*Exercise instructions*.
The span to copy runs from the line containing "Toalha de Mesa" to the last line below. Copy it exactly, with nothing else.

[The data — start]

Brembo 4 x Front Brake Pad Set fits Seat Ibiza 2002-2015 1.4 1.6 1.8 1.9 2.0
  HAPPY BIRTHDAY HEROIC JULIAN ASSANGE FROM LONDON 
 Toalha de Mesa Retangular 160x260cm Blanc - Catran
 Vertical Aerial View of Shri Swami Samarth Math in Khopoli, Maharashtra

[The data — finish]

*Answer area*.
 Toalha de Mesa Retangular 160x260cm Blanc - Catran
 Vertical Aerial View of Shri Swami Samarth Math in Khopoli, Maharashtra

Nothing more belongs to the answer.